Gas prices have edged back up in recent weeks, making vacation plans a little harder on the wallet, but Tri-Cities residents don’t have to venture far from home to enjoy the last part of summer.
Hiking, golfing, rafting, historical attractions, national and state parks and scenic drives and museums can all be part of a family day trip.
“I’m always amazed at what there is to do here,” said president and CEO of the Johnson City Chamber of Commerce, Gary Mabrey. “We call the time from Memorial Day to Labor Day the 111 days of summer. You can see exactly what there is to do in the area in your local newspaper.”
The most popular rising attraction in the area is the Southern Dozen, which features the 12 “greatest” motorcycle rides in the South. It is gaining recognition around the country.
There are plenty of campgrounds around the area. The Cherokee National Forest has more than 300,000 acres and offers picnicking, water play, miles of trails and camping.
Davy Crockett Birthplace Site in Limestone includes 105 partially wooded acres with 88 campgrounds. The site also has a museum that tells different aspects of the frontiersman’s life. A replica cabin depicts a typical frontier cabin much like the one Crockett lived in.
Camping and outdoor recreation can also be found at Buffalo Mountain Park, where they offer guided nature hikes monthly. The park comprises 725 acres on the north slope of Buffalo Mountain.
For the more adventurous types, there are companies that offer white-water rafting such as Cherokee Adventures, whose specialty is the Nolichucky River. The company also offers lower key activities — Funyaks, riverside camping, mountain biking and rope courses.
USA Raft also offers rafting, along with caving, climbing, tubing, fly fishing, teen adventure camps and lodging. The company goes down the Nolichucky and the French Broad rivers.
Hiking is also plentiful in the region. A portion of the Appalachian Trail runs through Northeast Tennessee and offers a quick getaway into nature. The Sunny Side Trail follows a different path, offering everything from outlet shopping to mountain back roads.

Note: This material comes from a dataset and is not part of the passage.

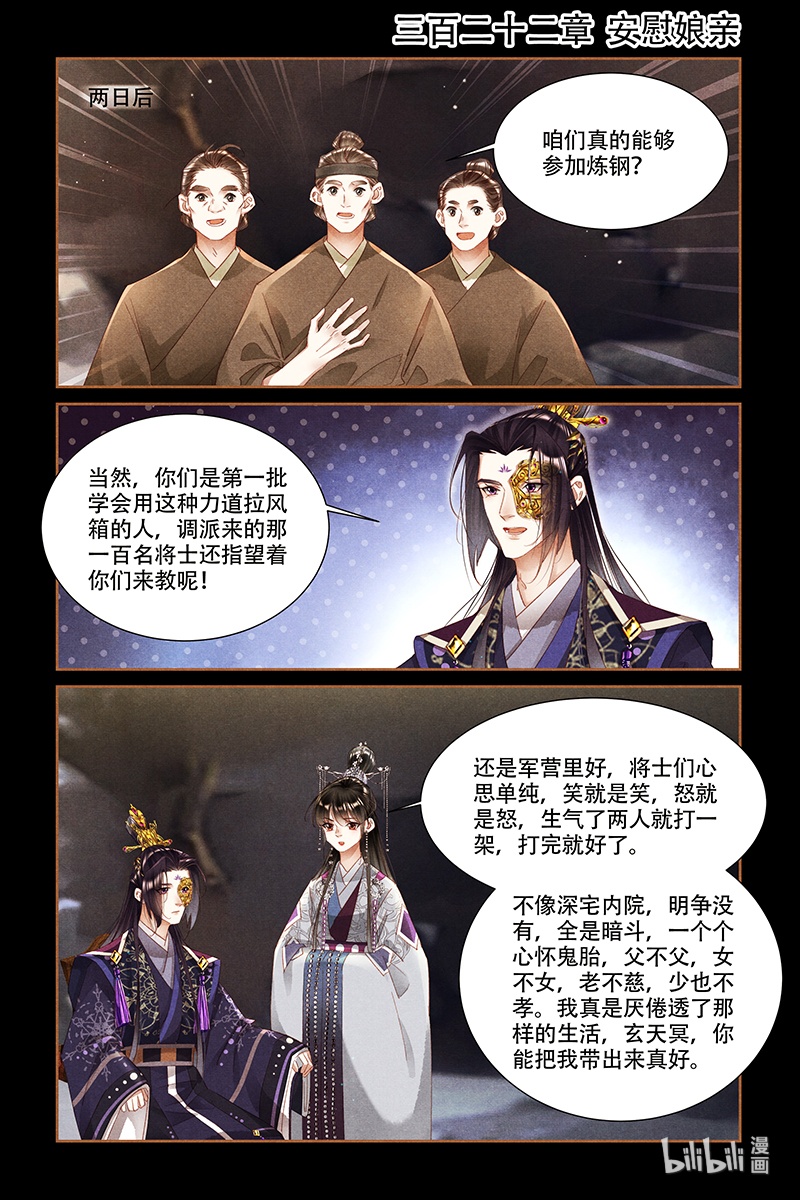 神医嫡女322 安慰娘亲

If hiking’s not your thing, and you’d rather take a scenic drive, you don’t have to travel far.
“If you want to drive, you can see the whole area in two days,” Mabrey said. “You can drive from Barter (Theatre) to Jonesborough to Biltmore (in Asheville, N.C.), that’s 130 miles, and you don’t even have to get out of your car.”
The region offers plenty of history. There are Civil War trails that can be explored. There is also a Tennessee Heritage Trail offering not only historic sites but also arts and crafts stops and a Music Trail.

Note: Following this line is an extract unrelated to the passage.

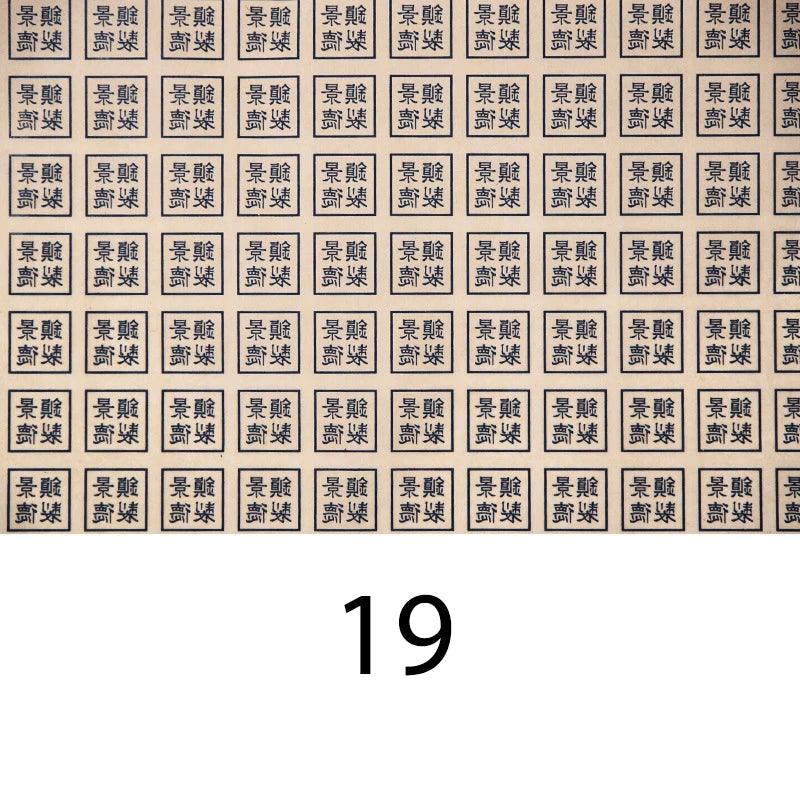 44216487706821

If you need a rest from all the exploring, there are historic places to stay. The Eureka Inn in Jonesborough can trace its roots back to the 1800s.

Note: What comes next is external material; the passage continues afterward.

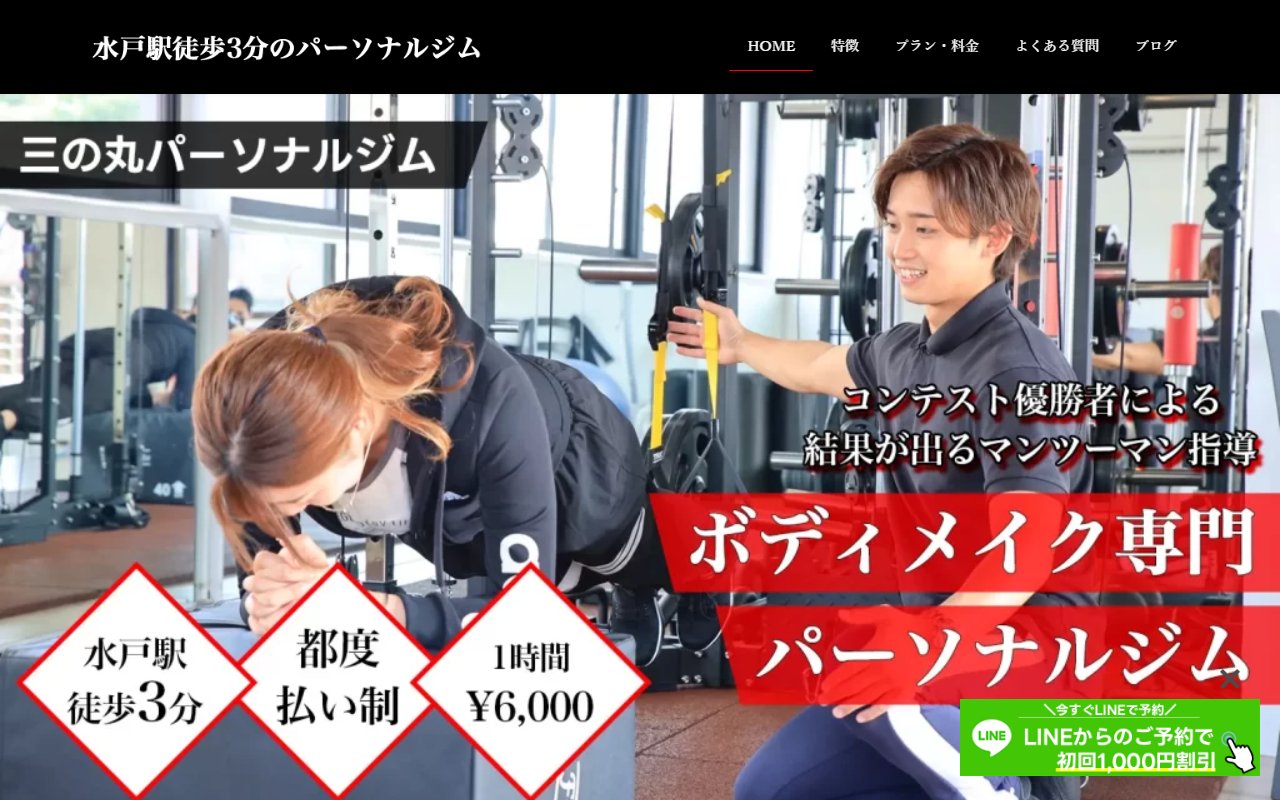 三の丸パーソナルトレーニングジム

“This is a historic inn with all the charm of a bed and breakfast,” said innkeeper Maria Bledsoe. “It is just very authentic.”
The Eureka Inn attracts plenty of tourists who come to the region for all kinds of reasons. Some people come for storytelling, some for the races in Bristol and a lot of tourists are history buffs researching their genealogy. When people come once, they tend to keep coming back.
“The mountains are key in attracting people to the region,” Bledsoe said. “This area captures what’s wonderful about the South.”
There are also plenty of bed and breakfast inns to be found in the region. Some of the inns are located conveniently on Main Street in Jonesborough. The Blair-Moore House, dating to the early 1800s, is listed on the National Register of Historic Places.
“There is a reasonable amount of people who come to the inn, and they live within driving distance,” Jack Moore, owner of Blair-Moore House, said. “They just come to be pampered a little bit.”
There is plenty of shopping around the region, no matter what you might be looking for. There are two golf courses, and plenty of festivals and fairs, including the Appalachian Fair in Gray, the National Storytelling Festival in Jonesborough and the Unicoi County Apple Festival in Erwin.
Museums in the region include the Gray Fossil Site (ETSU & General Shale Brick Natural History Museum), Hands On! Regional Museum, Tipton-Haynes Historic Site, Rocky Mount Museum and Sycamore Shoals State Historic Site.
No matter what you want to do, you can find it in the Northeast Tennessee region.
“There’s more to do here than I can do in a lifetime,” Mabrey said.